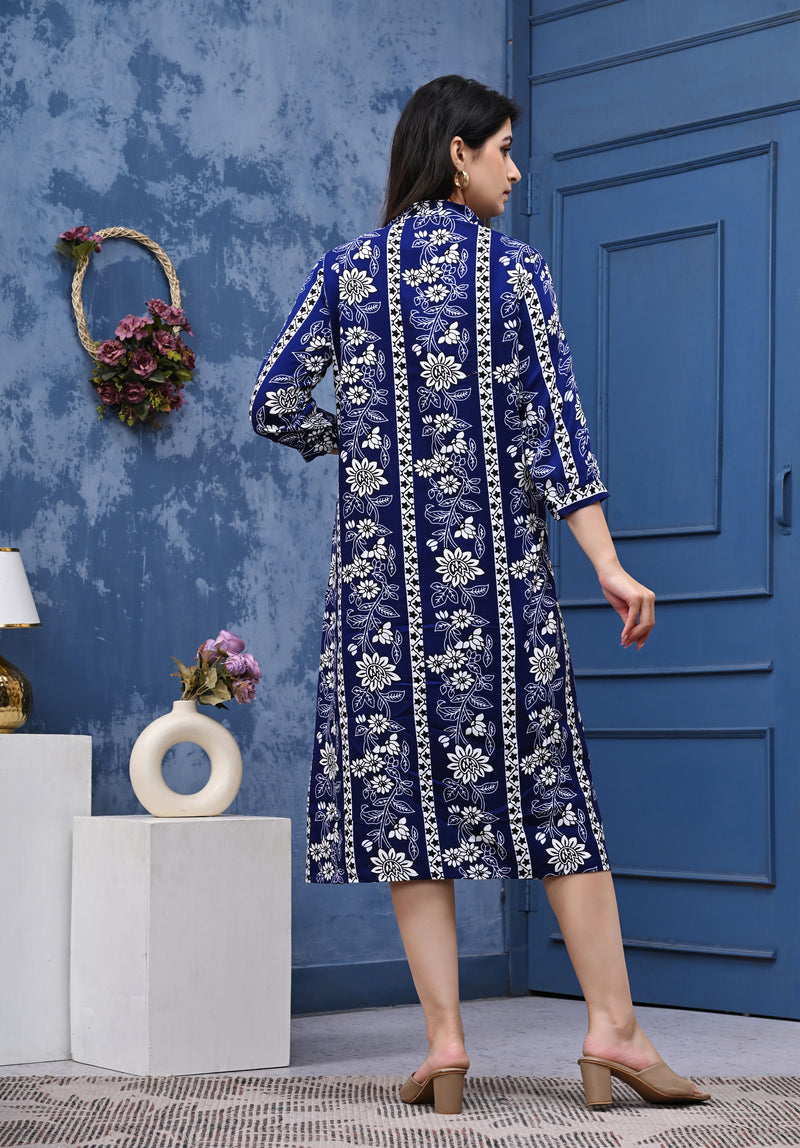 Casual & Comfortable Blue Printed Dress for Women with Pocket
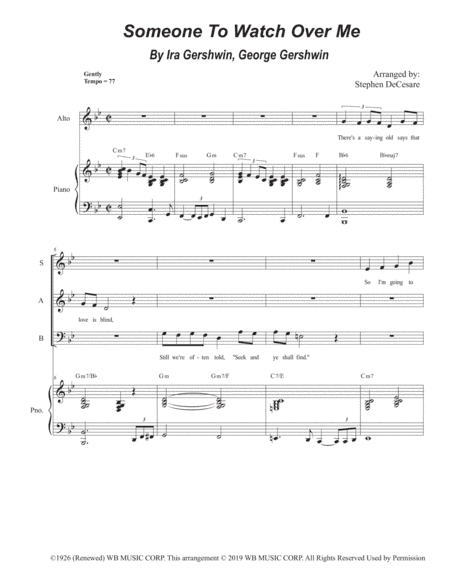 Someone To Watch Over Me (arr. Stephen DeCesare)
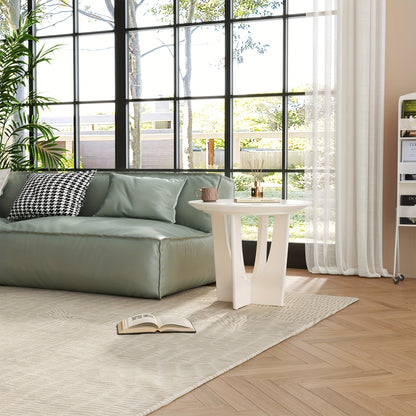 Bijzettafel – Nachtkastje – Side Table – Slede Tafel – Houten Tafeltje – Melkwit – Compact Formaat – Stevige Constructie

● Your assignment:
Print the whole listing exactly. No pictures belong in the copy.

● Output:
 Casual & Comfortable Blue Printed Dress for Women with Pocket
 Someone To Watch Over Me (arr. Stephen DeCesare)
 Bijzettafel – Nachtkastje – Side Table – Slede Tafel – Houten Tafeltje – Melkwit – Compact Formaat – Stevige Constructie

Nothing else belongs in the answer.